[aarch64-port-dev ] RFR: Add support for String.indexOf

Tue Aug 19 12:29:28 UTC 2014

On 08/19/2014 11:31 AM, Edward Nevill wrote:
> On Tue, 2014-08-19 at 10:18 +0100, Andrew Haley wrote:
>> Hi,
>>
>> On 18/08/14 17:27, Edward Nevill wrote:
>>>
>>> The following patch adds support for the String.indexOf intrinsic.
>>>
>>> It uses a combination of 2 algorithms, a simplified Boyer Moore, and
>>> a straightforward linear scan.
>>
>> In what way is this algorithm simplified from standard Boyer-Moore?
>> How can we have confidence it is correct?
> 
> OK. I based the algorithm on the following
> 
> http://en.wikipedia.org/wiki/Boyer%E2%80%93Moore_string_search_algorithm
> 
> This describes an algorithm with 2 shift rules. The 'Bad Character'
> rule and the 'Good Suffix' rule.
> 
> These rules are essentially heuristics for how far we can shift the
> pattern along the search string.
> 
> I have implemented it using the 'Bad Character' rule only because as
> the entry says "The Good Suffix rule is markedly more complex in
> both concept and implementation than the Bad Character rule.'

OK.  This deserves a comment.  And a pointer to Wikipedia.

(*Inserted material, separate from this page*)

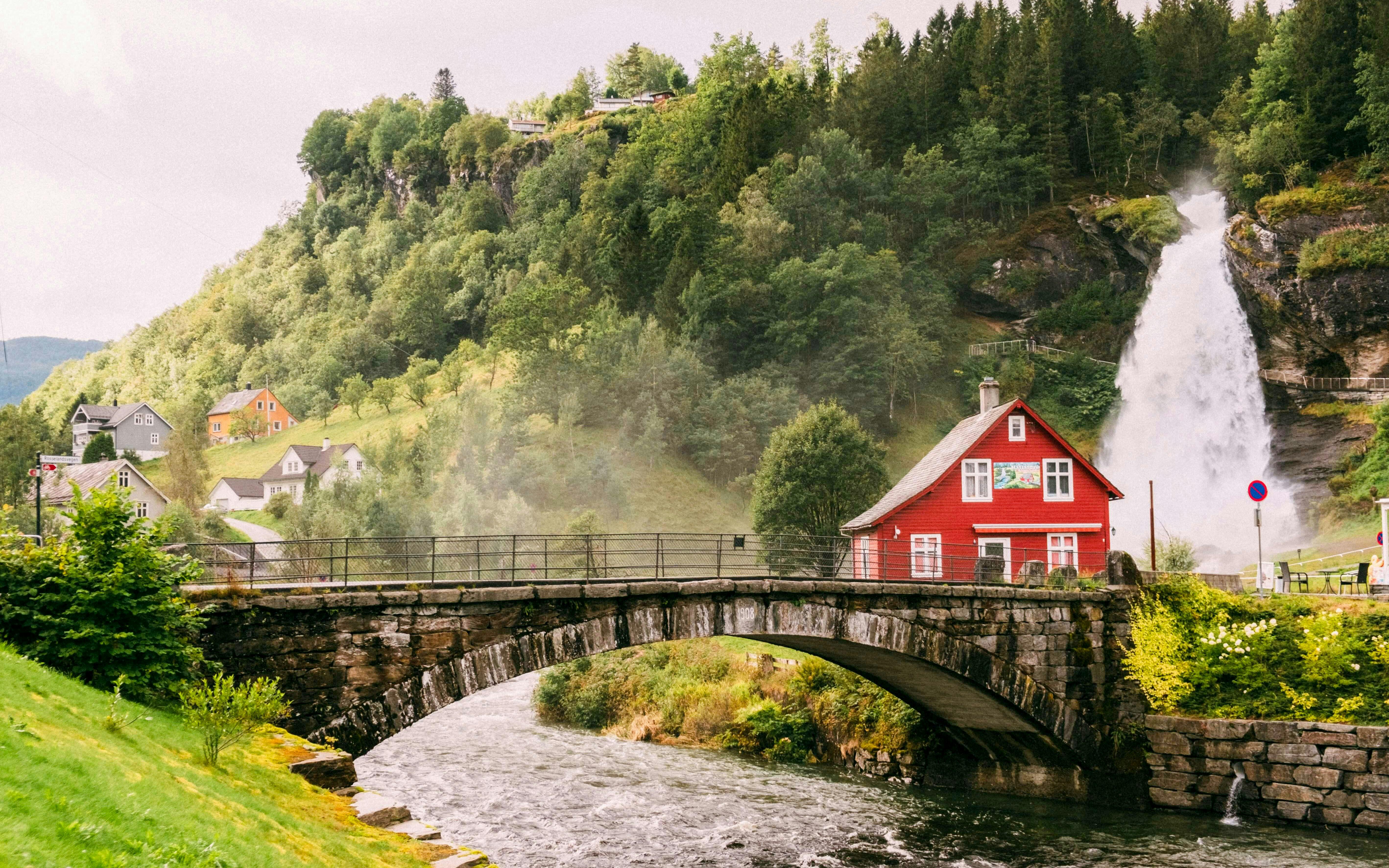 Steinsdalsfossen Waterfall with red house and bridge, Folgefonna National Park, Norway.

>> I'm a bit concerned that we always inline this code.  AFAICS if
>> icnt1 == -1 we might as well branch to a stub.
> 
> It is 600 bytes which is on the limit of what is sensible. On a code
> heap size of 128M I think this is OK. It isn't inlined that often,
> but when it is we would like it to be as fast as possible.

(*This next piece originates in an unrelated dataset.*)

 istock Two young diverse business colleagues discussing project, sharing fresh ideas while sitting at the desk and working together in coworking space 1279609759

Right, but if this routine is called twice in the same method it'll
read exactly the same routine into the icache twice.  And that's
slowing you down as well as wasting memory.

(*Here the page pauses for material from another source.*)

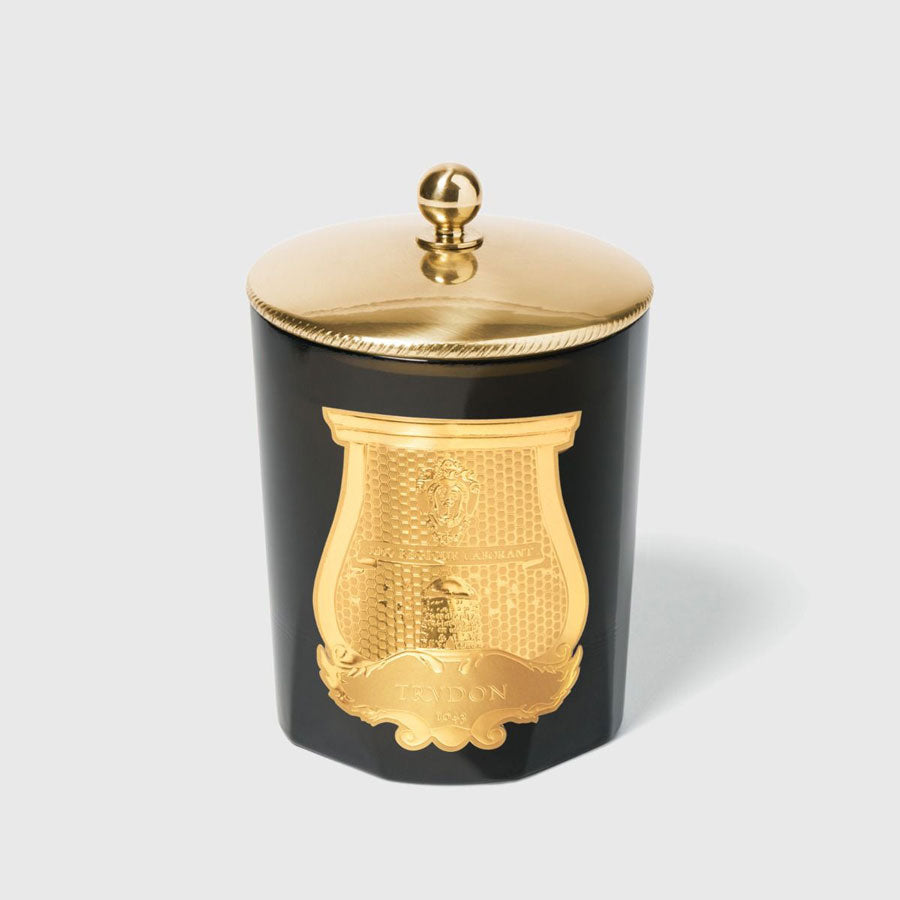 Trudon Brass candle topper on classic candle.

>>> +      stp(zr, zr, pre(sp, -128));
>>> +      stp(zr, zr, Address(sp, 1*16));
>>> +      stp(zr, zr, Address(sp, 2*16));
>>> +      stp(zr, zr, Address(sp, 3*16));
>>> +      stp(zr, zr, Address(sp, 4*16));
>>> +      stp(zr, zr, Address(sp, 5*16));
>>> +      stp(zr, zr, Address(sp, 6*16));
>>> +      stp(zr, zr, Address(sp, 7*16));
>>
>> Why is this not a loop?
> 
> Mistaken sense of efficiency.
> 
> Something like this better?
> 
>   sub sp, sp, #128
>   mov tmp1, #128
> loop
>   subs tmp1, tmp1, #16
>   stp zr, zr, [sp, tmp]
>   bne loop
> 
> or this?
> 
>   mov tmp1, #8
> loop
>   subs tmp1, tmp1, #1
>   stp zr, zr, [sp, #-16]!
>   bne loop
> 
> which is one instruction shorter but I am concerned about the
> efficiency of repeated stores with pre-decrement writeback to the
> base register. I think this could take 1 additional cycle per store
> on some implementations.

No, that's not what I meant, sorry.  Why not

  for (int i = 1; i < 8; i++)
      stp(zr, zr, Address(sp, i*16));

?

It's just a stylistic thing.

Andrew.